Why You Should Consider Federal Student Loans
Federal student loans offer several advantages for students who choose not to apply for financial relief at private lending institutions; chiefly, that the government may subsidize the interest on a federally issued student loan. With the government making up for the interest, all you have to worry about is reducing the loan principal. Virtually every type of federal student loan includes a fixed interest rate, which allows you to predict future financial obligations and budget your monthly expenses. Federal student loans limit the amount of money that you pay each month to pare down the debt.

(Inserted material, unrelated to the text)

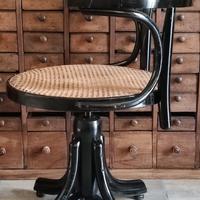 sedia girevole d'epoca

This is an especially important advantage for recent graduates who have not come close to reaching their peak earning potentials. If you choose to pursue a public sector career, the government may forgive your federal student loan after 10 years. Borrower protections include delayed payments, discharge upon borrower death, and discharge for incurring a permanent disability.
But What About Private Student Loans?
You can apply for private student loans from banks, credit unions, or other types of private lending institutions. Many private student loan lenders are now offering student loan refinancing interest rates below federal government rates. Your interest rate and principal amount depends on your credit history. Many students must have a co-signer to ensure approval of private student loan applications.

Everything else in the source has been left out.